My studying approach is quite detailed, but I’m pushing myself to spend at least half of my time interacting as I am studying. I’m doing this, even though I can’t understand basically any television or movie. Despite the fact that most conversations with native speakers are tremendously difficult. Even though extended conversations with native speakers who can’t help me out with missing vocabulary are often impossible.
Studying is hard work, but it’s easy to do. You just have to sit at your desk and put in the hours. Immersion isn’t hard work, but it’s hard to do. You have to go outside your comfort zone, get embarrassed, sit through meaningless noise and deal with situations that have zero positive feedback.
I’m using several methods to push immersion at a beginner level of Chinese, and I’m also trying to transition to some harder methods that I hope will become more feasible as my level improves.
Conversations with Tutors
The backbone of my immersion is holding conversations with my tutors. This is more important than listening practice, since listening immersion doesn’t give me pronunciation feedback and tends to focus on slightly different vocabulary. This is also more important than conversing with Vat, since both coming from English, we tend to make similar mistakes or at least fail to notice mistakes in each others’ speech.
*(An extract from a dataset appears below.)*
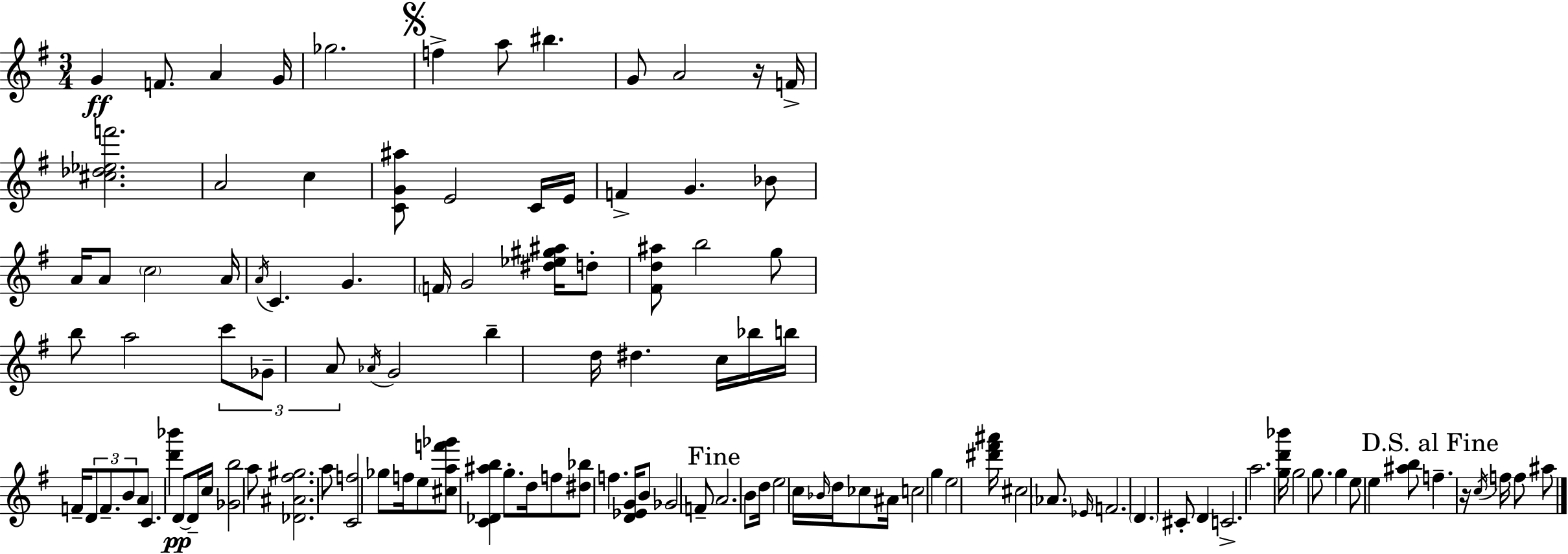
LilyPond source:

My first week of conversations with tutors was a predictable grind. I refused to speak in English, but my expressive ability was quite low so I found it hard to have meaningful dialog. My Skype tutors would quickly revert to the typical Chinese pedagogical style of dictation and drills, since I didn’t have the linguistic ability to push the lesson in a conversational direction.
After two weeks, I’m now at the point where I can keep the lessons conversational and actually have meaningful conversations about everyday things. With the help of Google translate to fill in some missing words, I’ve had conversations about Chinese teas, travel, movies, climate and cultural differences.
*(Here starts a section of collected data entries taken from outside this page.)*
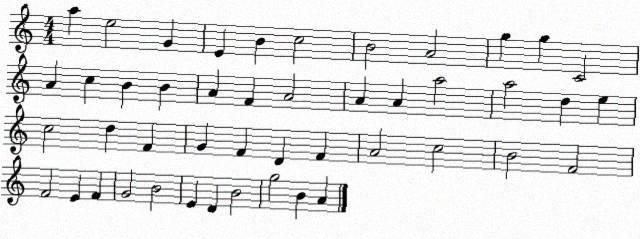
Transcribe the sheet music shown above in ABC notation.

X:1
T:Untitled
M:4/4
L:1/4
K:C
a e2 G E B c2 B2 A2 g g C2 A c B B A F A2 A A a2 a2 d e c2 d F G F D F A2 c2 B2 F2 F2 E F G2 B2 E D B2 g2 B A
I’m still a ways away from truly deep conversations I’d consider essential to my success in China. Talking about art, learning, life philosophy, books, religion or other deeper topics are something I can do comfortably in Portuguese, French and Spanish, but are still beyond me in Chinese.
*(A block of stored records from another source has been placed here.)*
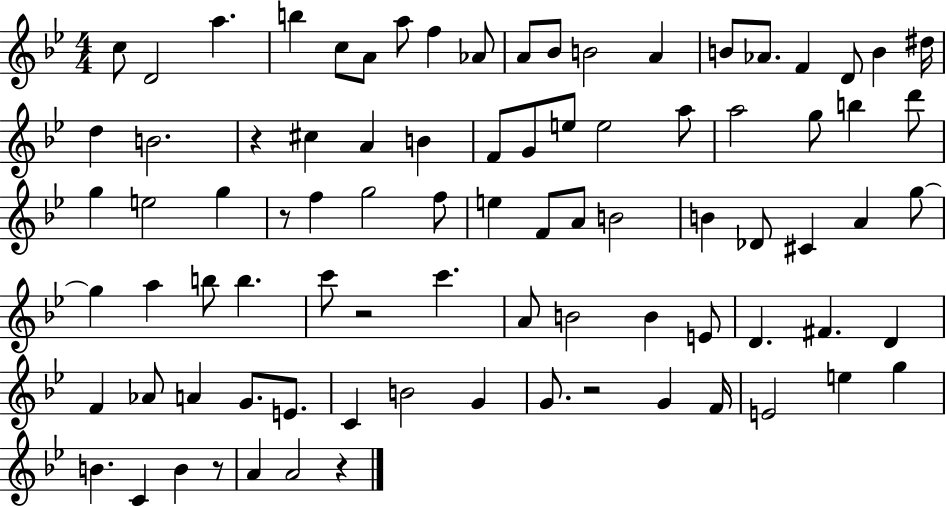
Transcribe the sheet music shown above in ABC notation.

X:1
T:Untitled
M:4/4
L:1/4
K:Bb
c/2 D2 a b c/2 A/2 a/2 f _A/2 A/2 _B/2 B2 A B/2 _A/2 F D/2 B ^d/4 d B2 z ^c A B F/2 G/2 e/2 e2 a/2 a2 g/2 b d'/2 g e2 g z/2 f g2 f/2 e F/2 A/2 B2 B _D/2 ^C A g/2 g a b/2 b c'/2 z2 c' A/2 B2 B E/2 D ^F D F _A/2 A G/2 E/2 C B2 G G/2 z2 G F/4 E2 e g B C B z/2 A A2 z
However, by holding regular one-on-one conversations (2 hours per day) with native speakers, I guarantee that I’m getting feedback and can see progress on my main goal of holding one-on-one conversations.
Conversations with Vat
The gap between our speaking ability was largest in Chinese, where I had put in four times as much preparation as Vat. Additionally, I’m putting in heavy hours to learn Chinese as well as possible. Vat is also investing a lot of time learning Chinese, but since he’s also preparing the video, he’s spending quite a bit of time filming and trying to capture life in China.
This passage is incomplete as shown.